My husband and I are both proud public school graduates. I spent grades one through nine in Baltimore City, leaving for reasons that had nothing to do with the quality of education I was receiving. (I was in Western High School's A-course; Columbia's Wilde Lake was far less rigorous.)

Yet, up until two years ago, we were resigned to enrolling our child in private school. By last fall, a decade of work by our energetic and community-minded neighbors gave us the option of sending our child to a school a 10-minute walk from our front door — and that's at a 6-year-old's rambling, distracted pace. Her first grade class has 21 students. She has classes in art, music and technology. Every kid at the school receives a free lunch, regardless of need, a compassionate decision that, along with uniforms, helps to mask socioeconomic inequities.

All of this — the manageable class size, the extracurriculars, free breakfast and lunch even for the neediest kids — are at risk if Gov. Larry Hogan and Mayor Catherine Pugh don't find a way to close the gap in the city school budget. But it's not just our school, our neighborhood or even Baltimore City that will suffer. It is all of Maryland. Families who can afford to leave Baltimore can afford to leave the state, too, in search of a place where the desire to live in an urban setting is rewarded.

Baltimore has been a punchline/punching bag for years — I've landed a few blows, to be fair — but those old jokes are out of touch. Our city, one of the most affordable in the Northeast, is hugely attractive to millennials. Once their lives and lifestyles are no longer a good fit for the high-rise rentals going up around the harbor — should they stay or should they go? What will make these energetic young transplants want to remain, start families, buy houses? What's more important to the quality of life: the distillery at the new Under Armour campus, with its city-subsidized infrastructure, or a viable school system?

Governor Hogan's pronouncement that the city school system is a complete disaster is particularly offensive to me because I have lived in a city beleaguered by a true disaster, New Orleans. After the levees broke in 2005, middle-class families were forced to flee that city and start their lives elsewhere. They literally had no choice. Hurricane Katrina's aftermath also provided an opportunity to dismantle the public school system, which — surprise, surprise — has not been a resounding success.

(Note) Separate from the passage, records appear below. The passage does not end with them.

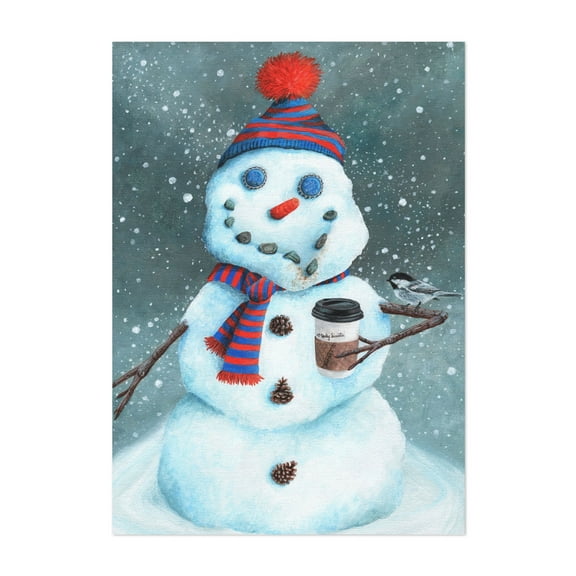 Snow More Coffee - Painting Winter Snow Humor Coffee Bird Unframed Wall Art Print 5 x 7 inches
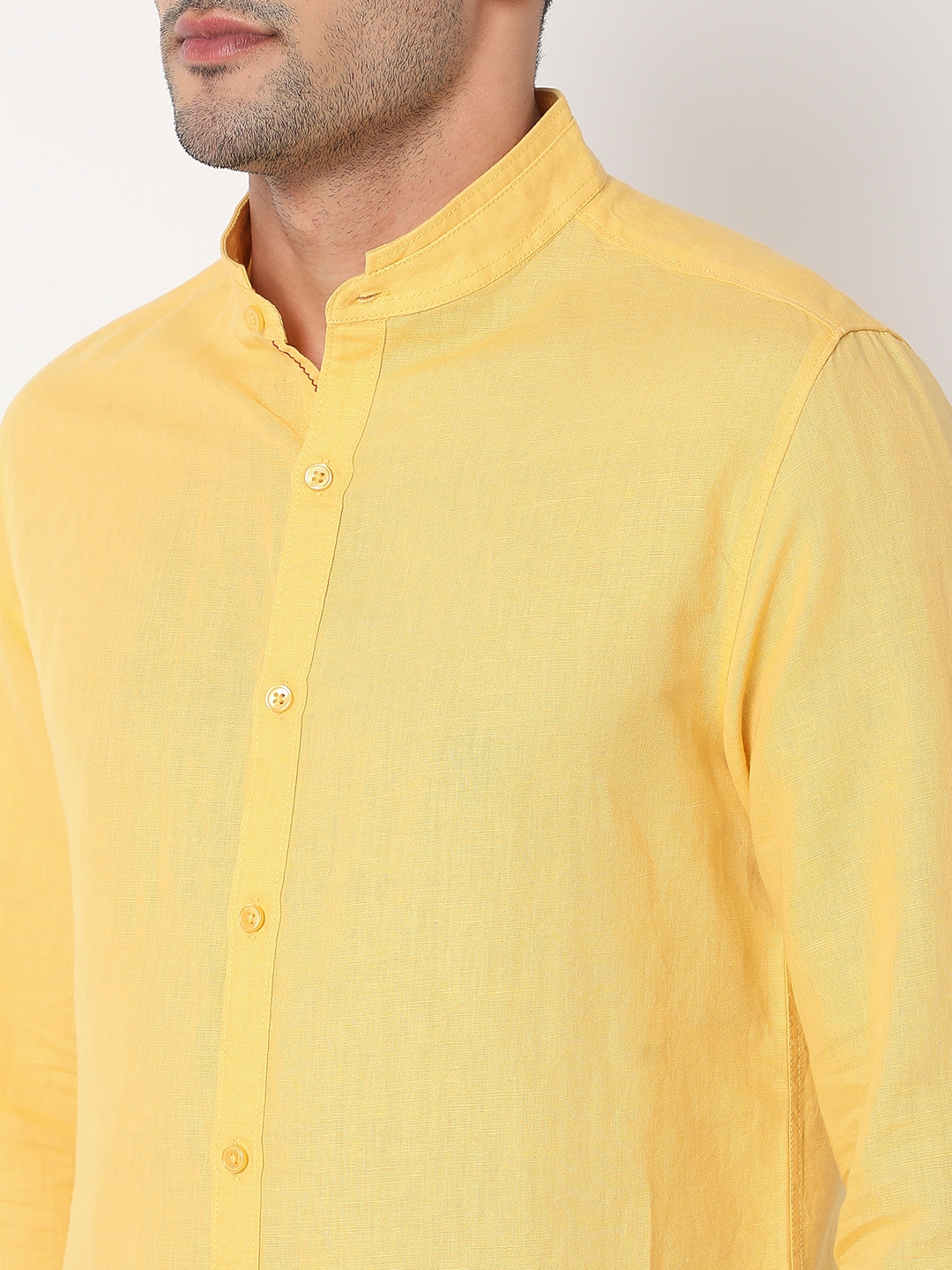 spykar | Spykar Men Lemon Yellow Cotton Slim Fit Plain Shirt 4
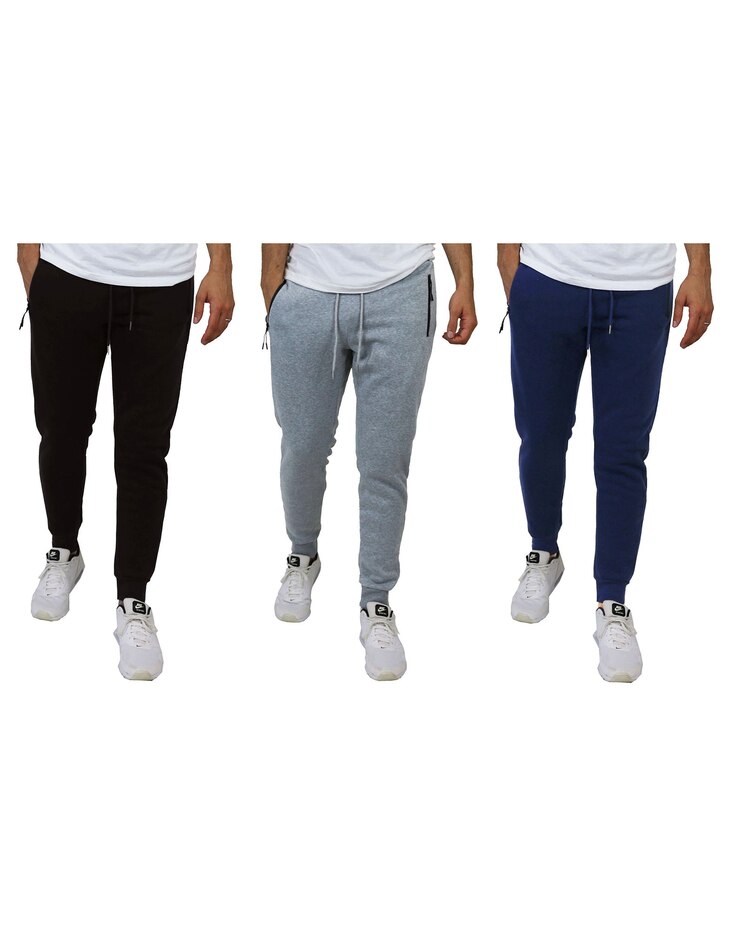 Galaxy Men's Slim Fit Fleece Lined Joggers- 3 Pack image number 1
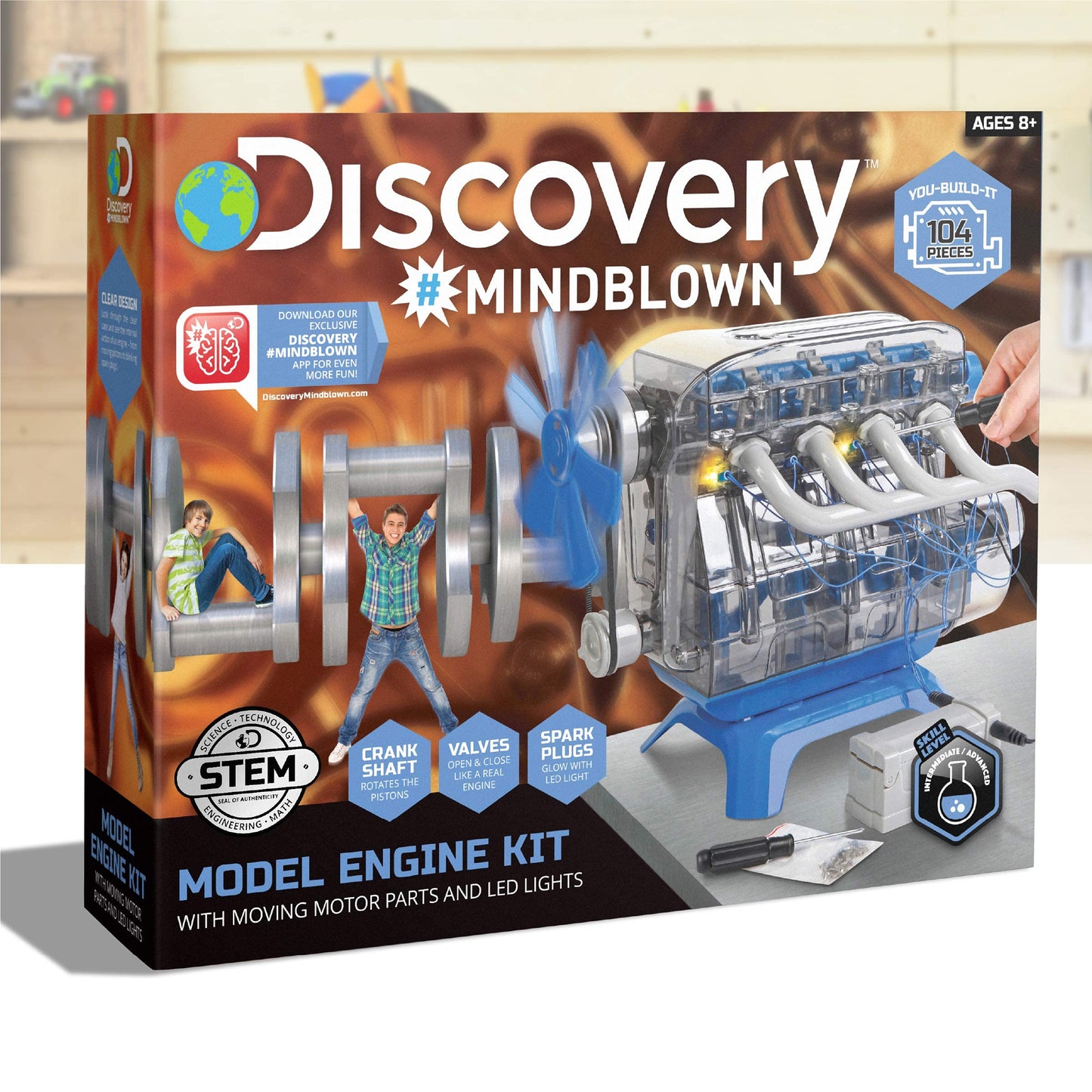 Discovery DIY 4-Cylinder Engine Kit – Working Pistons, Valves, Belts & LED Lights, STEM Mechanics Experiment Set for Kids & Adults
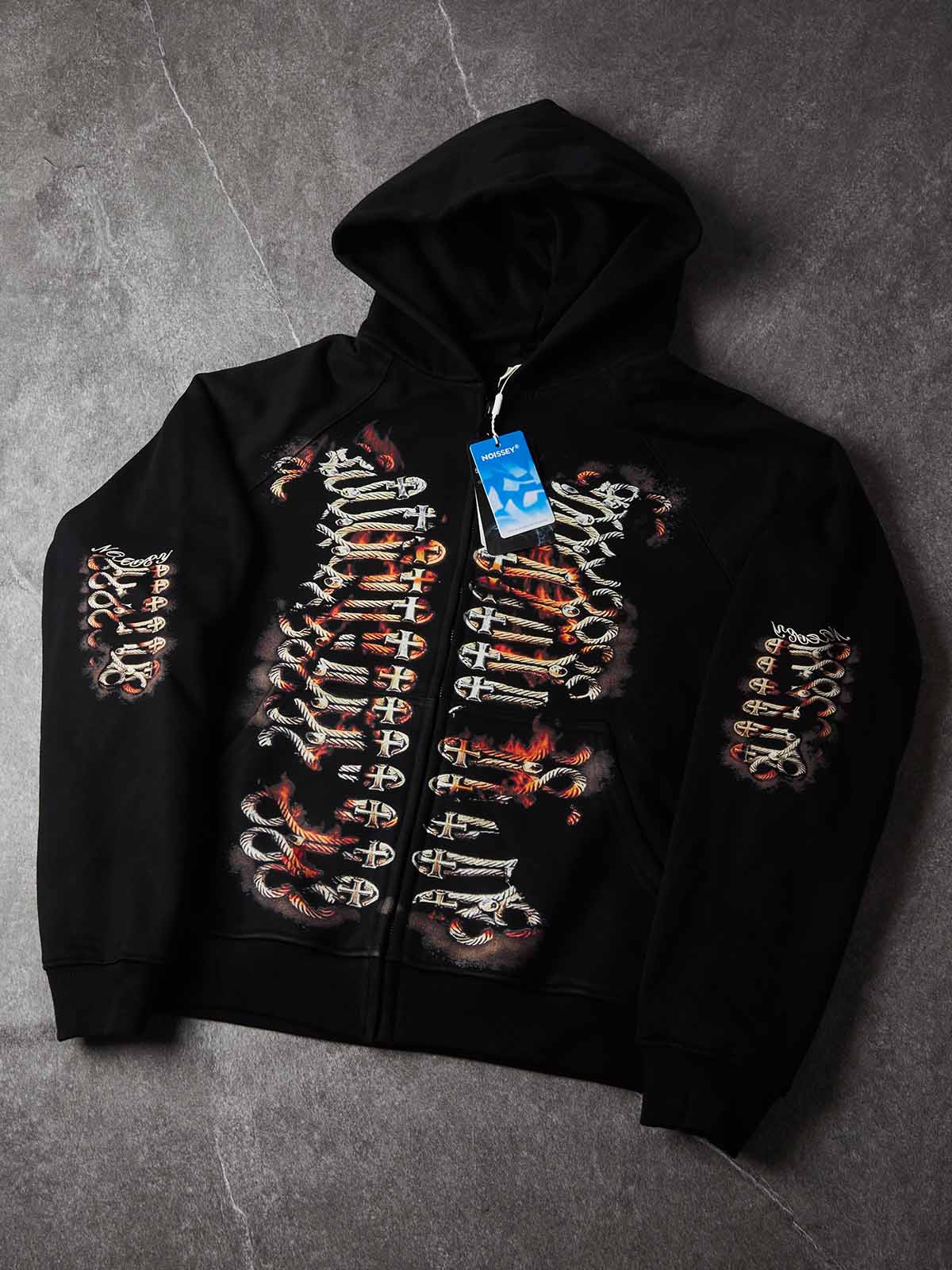 NOISSEY Flame Rope Cross Skeleton Zip-Up Hoodie - Pure Black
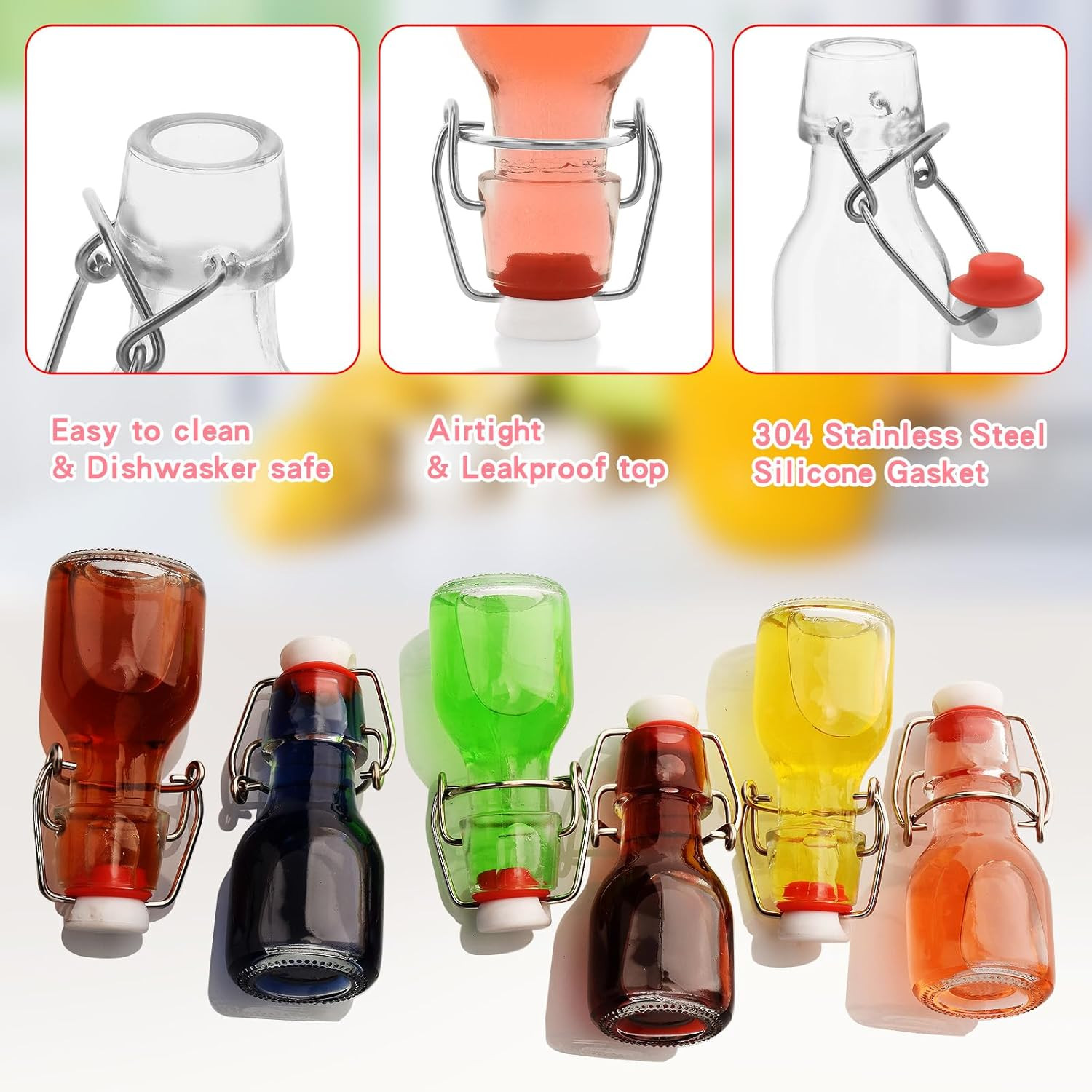 40Pack Mini Swing Top Glass Bottles, 2 Oz Mini Storage Bottles with Personalized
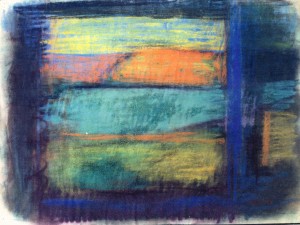 17. Finestra Appennino, 1961, pastello su carta, 50x67 cm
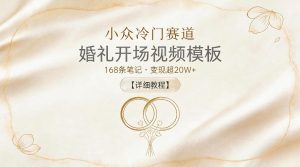 小众冷门赛道，婚礼开场视频模板，168条笔记，变现超20W+【详细教程】-21资源库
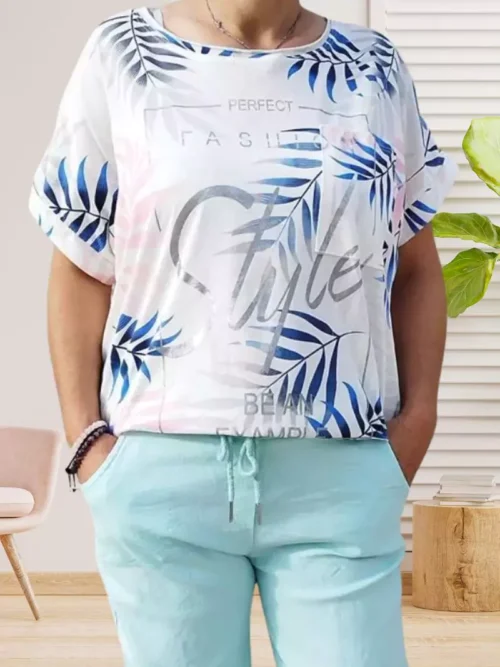 T-shirt Imprimé Feuille - sérigraphie argentée - manches courtes - col rond - vue de face - coloris : blanc et multicolore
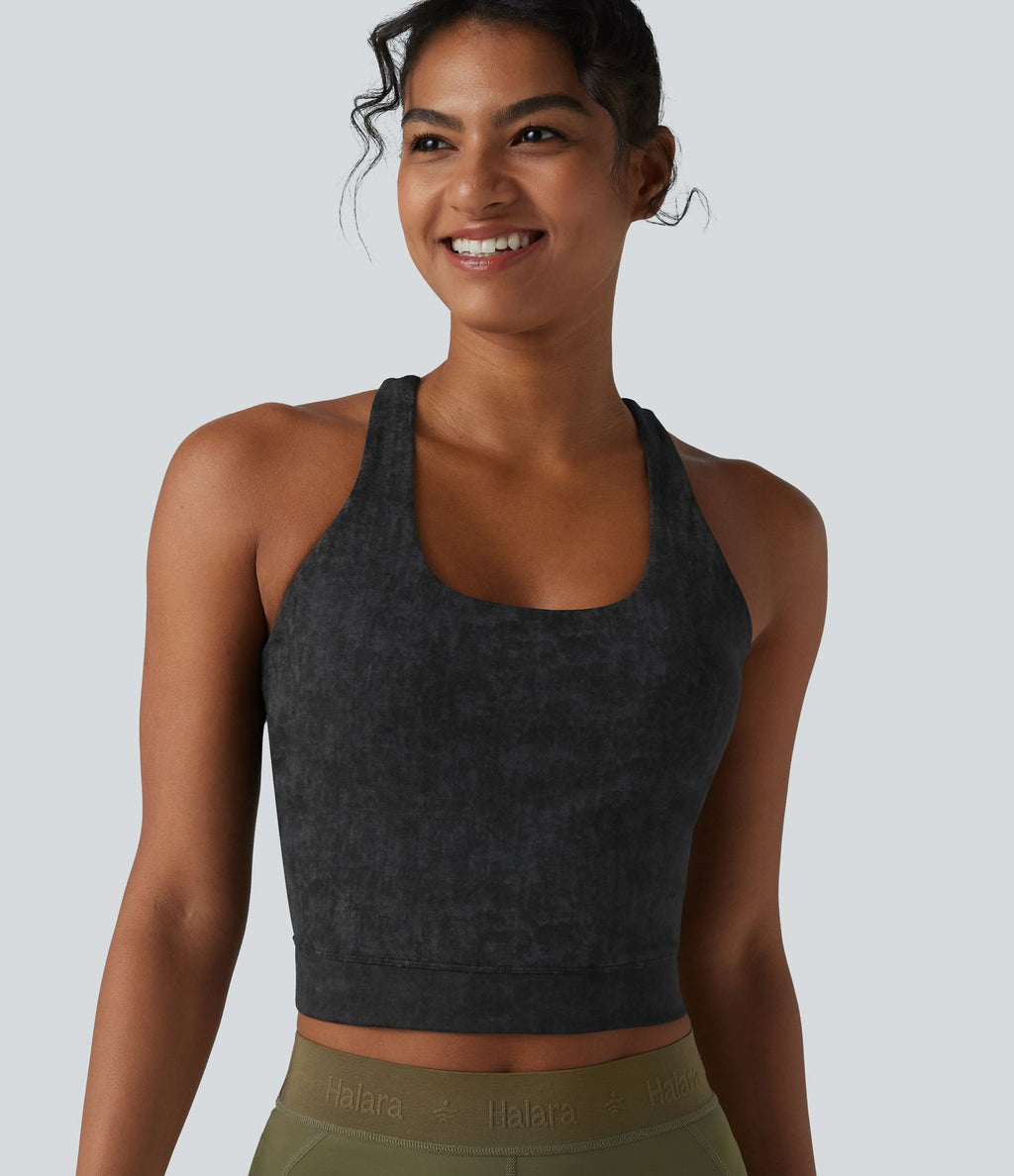 Brassière de sport courte col U dos nageur avec brassière intégrée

In Baltimore, in Maryland, we already have a choice, and it has nothing to do with vouchers or charter schools. We can choose to do the right thing by the 82,354 children who are guaranteed an "adequate" education by the state constitution. The buck stops with you, Governor Hogan and Mayor Pugh. If you don't act, you could end up going down in history as the bickering Baron and Baroness Bomburst presiding over a city where the children once again have disappeared.